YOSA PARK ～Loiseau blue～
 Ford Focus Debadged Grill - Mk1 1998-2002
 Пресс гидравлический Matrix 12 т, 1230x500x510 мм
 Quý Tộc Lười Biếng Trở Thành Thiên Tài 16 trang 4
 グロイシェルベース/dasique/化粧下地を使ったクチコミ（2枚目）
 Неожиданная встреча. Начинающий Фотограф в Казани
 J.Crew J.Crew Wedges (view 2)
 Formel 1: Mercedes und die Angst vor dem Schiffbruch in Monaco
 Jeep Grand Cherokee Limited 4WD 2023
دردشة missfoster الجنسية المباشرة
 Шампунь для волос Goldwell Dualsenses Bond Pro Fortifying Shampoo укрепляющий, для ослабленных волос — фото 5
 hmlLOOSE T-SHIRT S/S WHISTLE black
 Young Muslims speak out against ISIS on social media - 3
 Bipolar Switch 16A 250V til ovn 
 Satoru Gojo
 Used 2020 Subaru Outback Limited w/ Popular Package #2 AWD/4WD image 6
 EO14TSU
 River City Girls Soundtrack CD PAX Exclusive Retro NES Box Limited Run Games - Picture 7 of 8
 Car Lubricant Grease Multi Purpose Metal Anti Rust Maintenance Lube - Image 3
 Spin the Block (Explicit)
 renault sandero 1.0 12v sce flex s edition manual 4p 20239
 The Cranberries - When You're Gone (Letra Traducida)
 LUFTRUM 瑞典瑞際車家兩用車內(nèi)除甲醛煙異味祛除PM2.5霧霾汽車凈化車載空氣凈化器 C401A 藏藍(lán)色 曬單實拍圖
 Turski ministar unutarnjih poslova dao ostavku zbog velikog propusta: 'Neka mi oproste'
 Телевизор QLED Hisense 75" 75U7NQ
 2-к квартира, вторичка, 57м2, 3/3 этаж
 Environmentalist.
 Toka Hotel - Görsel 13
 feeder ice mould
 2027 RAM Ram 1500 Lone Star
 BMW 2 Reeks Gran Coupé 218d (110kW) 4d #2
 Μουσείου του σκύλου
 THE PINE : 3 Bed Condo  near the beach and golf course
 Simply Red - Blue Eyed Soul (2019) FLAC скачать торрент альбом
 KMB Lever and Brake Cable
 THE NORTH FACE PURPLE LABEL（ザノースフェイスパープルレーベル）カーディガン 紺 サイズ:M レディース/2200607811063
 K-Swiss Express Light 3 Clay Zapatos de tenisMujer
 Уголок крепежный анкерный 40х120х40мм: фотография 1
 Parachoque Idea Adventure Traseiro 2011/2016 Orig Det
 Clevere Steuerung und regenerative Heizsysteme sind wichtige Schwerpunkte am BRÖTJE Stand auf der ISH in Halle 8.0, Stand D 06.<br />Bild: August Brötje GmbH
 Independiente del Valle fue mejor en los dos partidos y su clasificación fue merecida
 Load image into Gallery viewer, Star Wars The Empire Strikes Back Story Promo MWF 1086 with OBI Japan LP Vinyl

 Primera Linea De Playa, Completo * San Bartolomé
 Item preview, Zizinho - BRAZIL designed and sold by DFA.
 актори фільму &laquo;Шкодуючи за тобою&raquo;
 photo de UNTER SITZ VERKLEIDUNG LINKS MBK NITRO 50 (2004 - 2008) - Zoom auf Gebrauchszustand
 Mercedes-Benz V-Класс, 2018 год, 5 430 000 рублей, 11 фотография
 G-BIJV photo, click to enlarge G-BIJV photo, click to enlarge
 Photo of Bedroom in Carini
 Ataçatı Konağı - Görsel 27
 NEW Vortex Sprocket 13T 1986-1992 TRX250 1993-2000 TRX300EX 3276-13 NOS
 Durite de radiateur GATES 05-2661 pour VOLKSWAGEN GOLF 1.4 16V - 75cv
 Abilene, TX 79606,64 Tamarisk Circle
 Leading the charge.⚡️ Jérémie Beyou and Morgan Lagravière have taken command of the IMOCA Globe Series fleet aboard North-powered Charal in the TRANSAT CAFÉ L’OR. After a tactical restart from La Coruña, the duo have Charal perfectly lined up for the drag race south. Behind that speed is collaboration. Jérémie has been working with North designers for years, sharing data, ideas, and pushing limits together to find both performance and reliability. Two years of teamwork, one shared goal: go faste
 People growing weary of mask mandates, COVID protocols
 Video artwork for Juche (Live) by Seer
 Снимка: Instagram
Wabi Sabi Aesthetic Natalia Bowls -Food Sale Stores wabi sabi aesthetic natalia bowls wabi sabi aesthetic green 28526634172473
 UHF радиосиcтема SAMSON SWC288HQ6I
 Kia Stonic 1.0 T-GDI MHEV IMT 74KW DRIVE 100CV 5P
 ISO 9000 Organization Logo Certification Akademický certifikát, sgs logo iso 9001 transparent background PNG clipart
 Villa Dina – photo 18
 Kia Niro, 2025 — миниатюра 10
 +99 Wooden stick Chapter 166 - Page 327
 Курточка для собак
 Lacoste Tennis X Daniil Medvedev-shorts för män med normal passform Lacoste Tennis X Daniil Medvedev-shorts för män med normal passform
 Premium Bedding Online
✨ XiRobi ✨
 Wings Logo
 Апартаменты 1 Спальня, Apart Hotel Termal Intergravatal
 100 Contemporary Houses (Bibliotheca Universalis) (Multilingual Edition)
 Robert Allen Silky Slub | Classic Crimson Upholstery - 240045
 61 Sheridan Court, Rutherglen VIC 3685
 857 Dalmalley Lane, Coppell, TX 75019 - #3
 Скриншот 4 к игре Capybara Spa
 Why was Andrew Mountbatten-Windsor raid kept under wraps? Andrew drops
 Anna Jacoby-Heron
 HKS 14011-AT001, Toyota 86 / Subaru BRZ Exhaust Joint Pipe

***

◆ ACTIVITY: Exactly and only the lines from the line containing "Why was Andrew" through the last line of the entries should be copied, both ends included.

◆ EXPECTED ANSWER:
 Why was Andrew Mountbatten-Windsor raid kept under wraps? Andrew drops
 Anna Jacoby-Heron
 HKS 14011-AT001, Toyota 86 / Subaru BRZ Exhaust Joint Pipe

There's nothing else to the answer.